_ENTRIES SHOWN_.

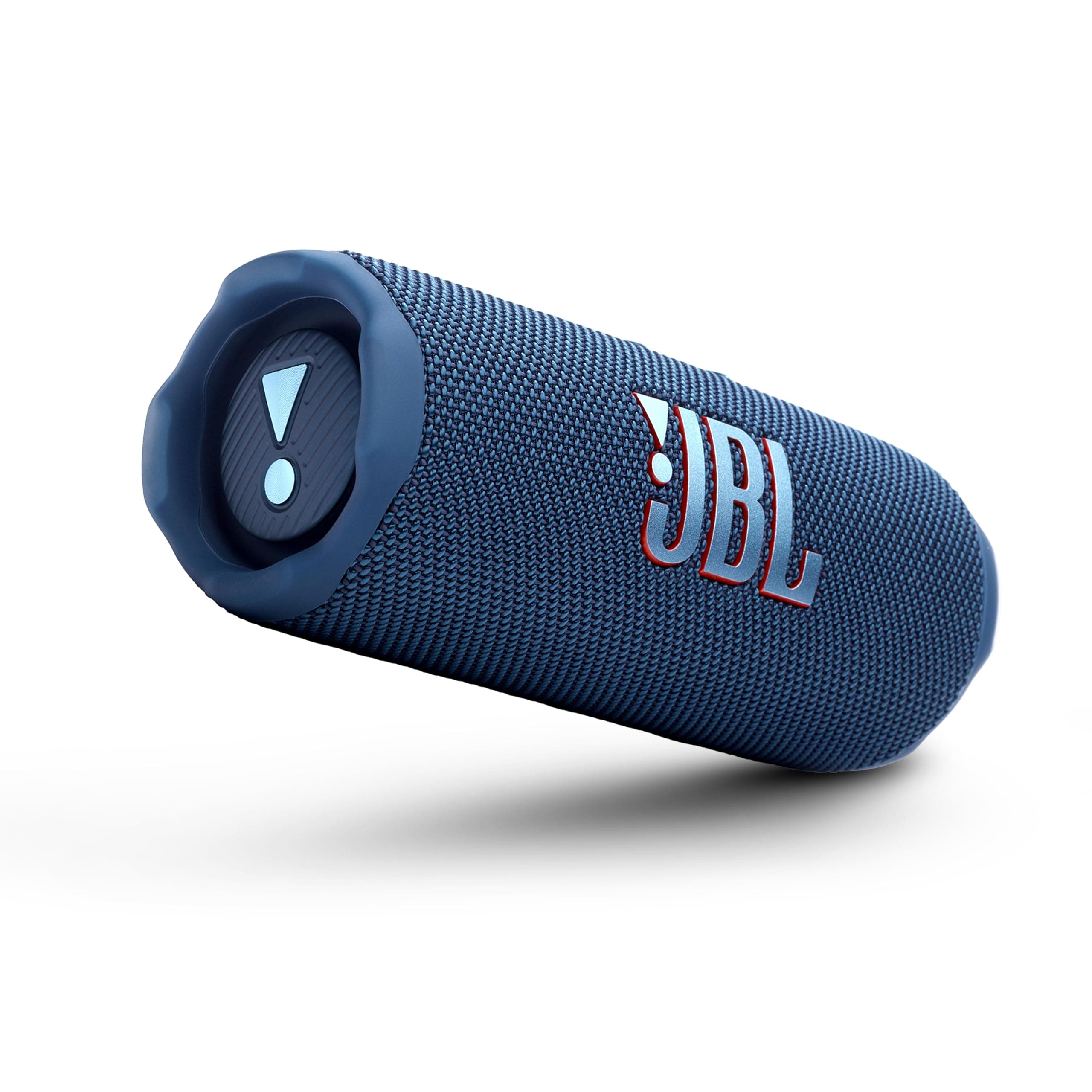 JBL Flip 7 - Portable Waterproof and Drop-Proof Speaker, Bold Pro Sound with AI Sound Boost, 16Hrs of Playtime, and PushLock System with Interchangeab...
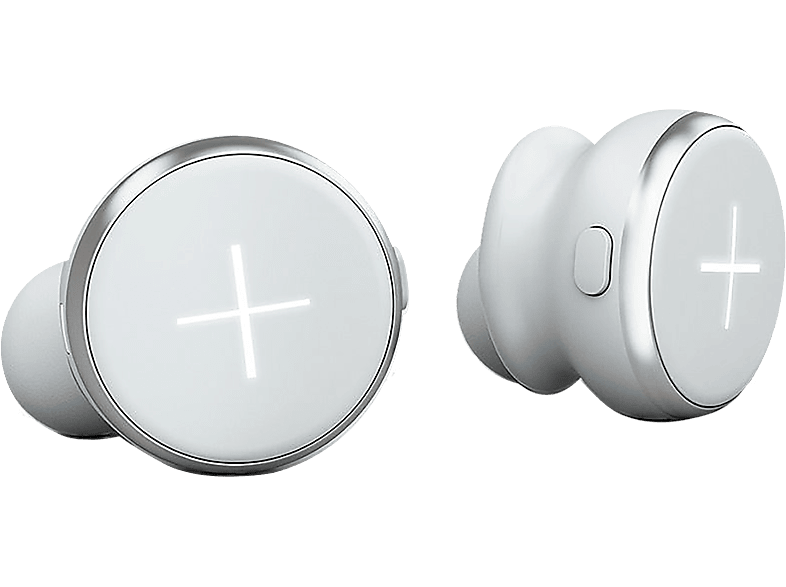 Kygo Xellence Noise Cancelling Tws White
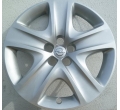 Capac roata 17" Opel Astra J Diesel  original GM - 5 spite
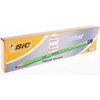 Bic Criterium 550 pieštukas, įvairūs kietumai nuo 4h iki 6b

...

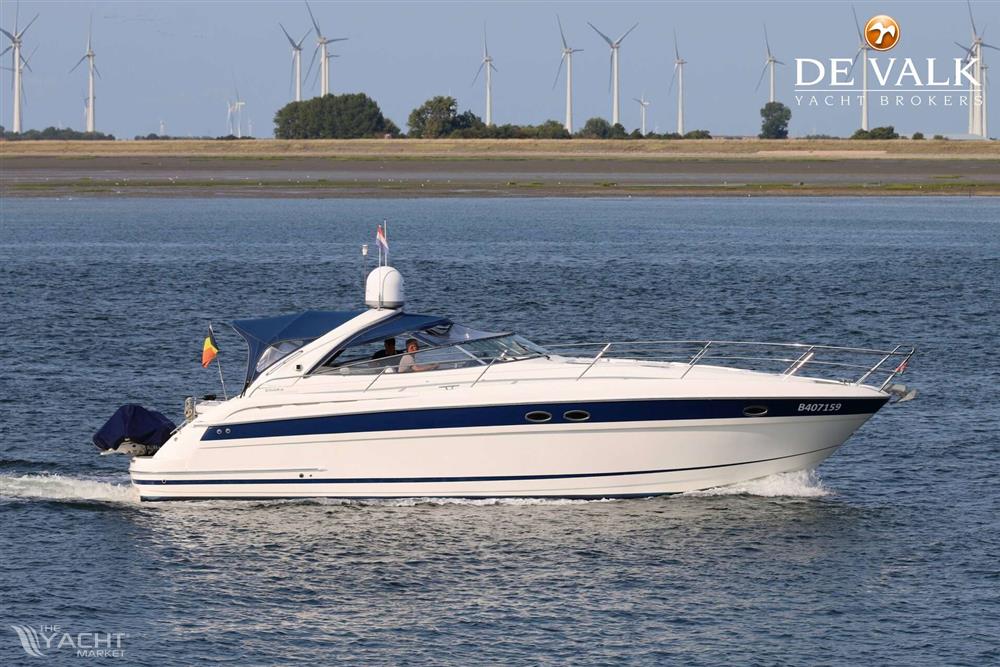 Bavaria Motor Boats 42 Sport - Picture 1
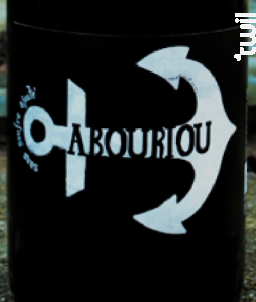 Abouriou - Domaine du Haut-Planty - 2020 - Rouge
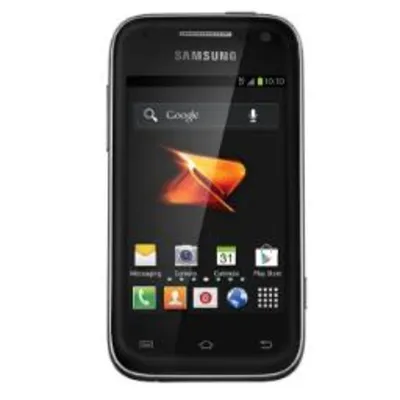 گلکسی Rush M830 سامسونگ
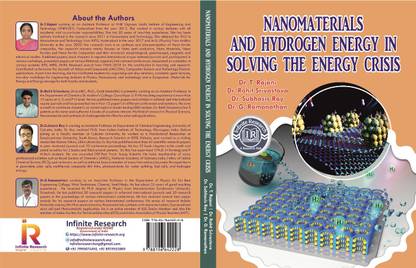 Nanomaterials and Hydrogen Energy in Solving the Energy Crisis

_TASK DESCRIPTION_. Reproduce exactly the lines above starting at the line containing "Kygo Xellence Noise Cancelling Tws White" and ending at the line containing "Bic Criterium 550", including both, but not the pictures.

_RESULT OF THE TASK_.
 Kygo Xellence Noise Cancelling Tws White
 Capac roata 17" Opel Astra J Diesel  original GM - 5 spite
 Bic Criterium 550 pieštukas, įvairūs kietumai nuo 4h iki 6b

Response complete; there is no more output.